_Required action_.
Below is a listing; retype exactly the lines between the one containing "Load image into" and the one containing "Zimní pneu 195/60/16 - 2", inclusive, minus the pictures.

*** Opening Data shown ***

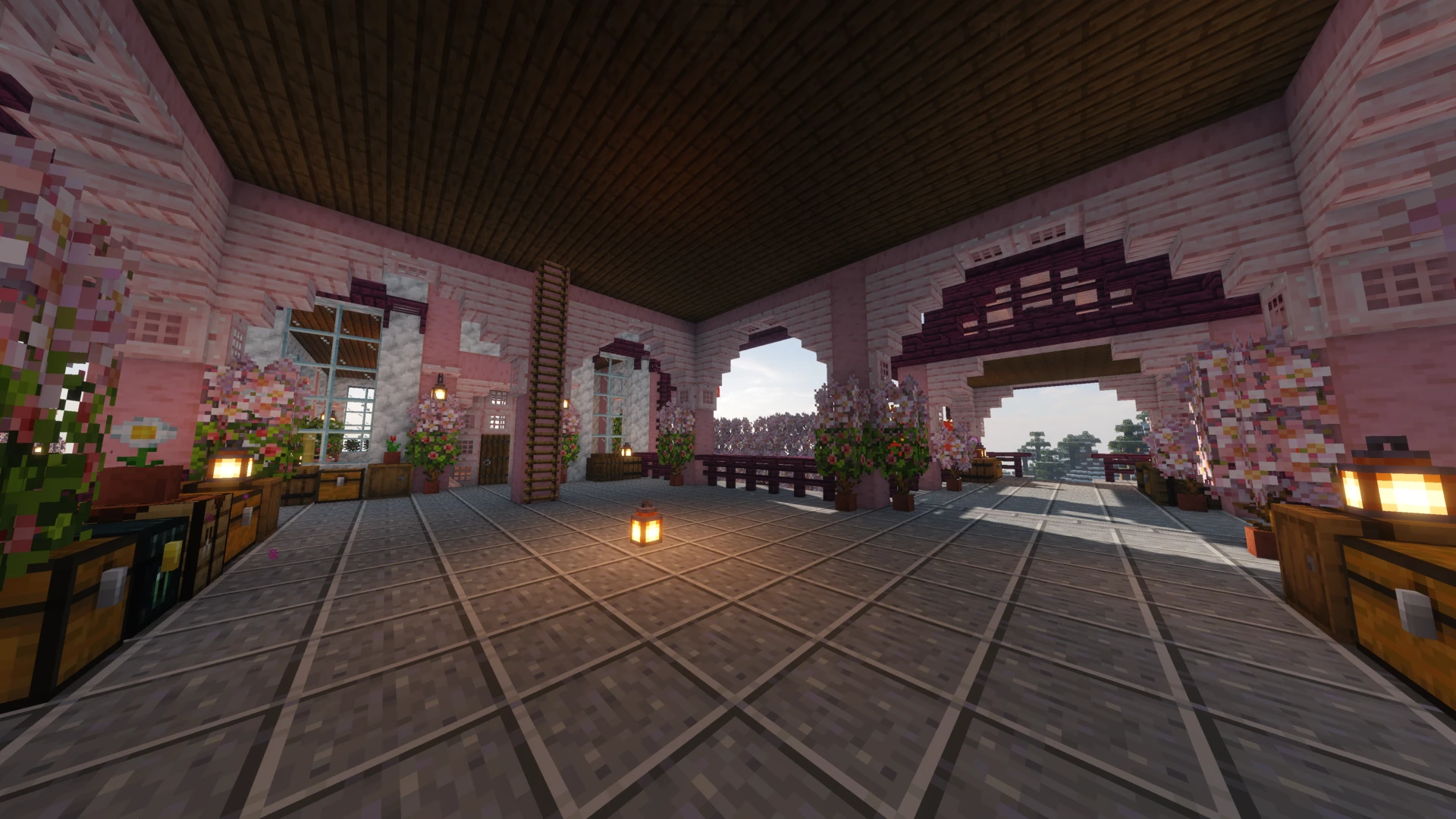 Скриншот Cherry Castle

*** Closing Data shown ***
*** Opening Data shown ***

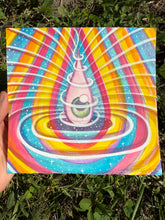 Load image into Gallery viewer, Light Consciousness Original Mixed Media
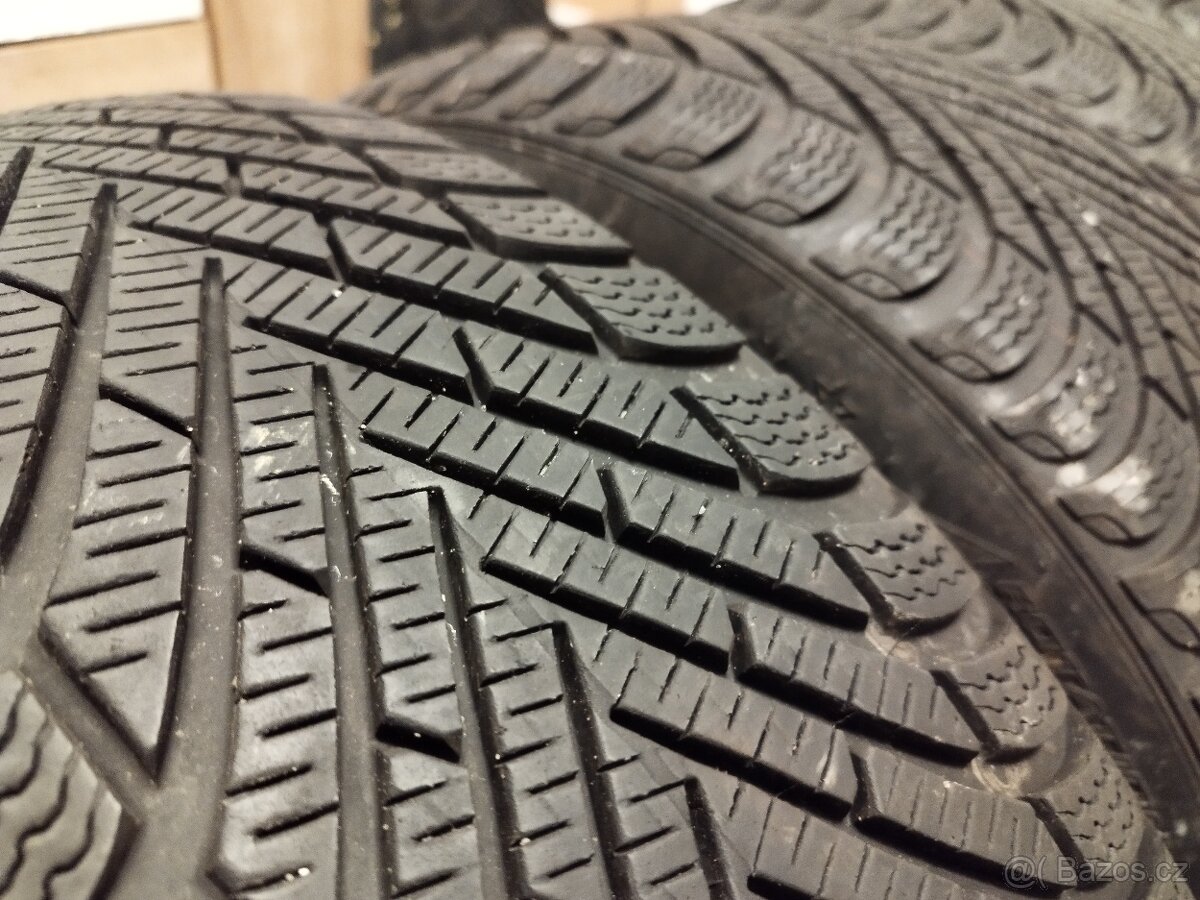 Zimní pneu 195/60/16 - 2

*** Closing Data shown ***

_Exercise answer_.
 Load image into Gallery viewer, Light Consciousness Original Mixed Media
 Zimní pneu 195/60/16 - 2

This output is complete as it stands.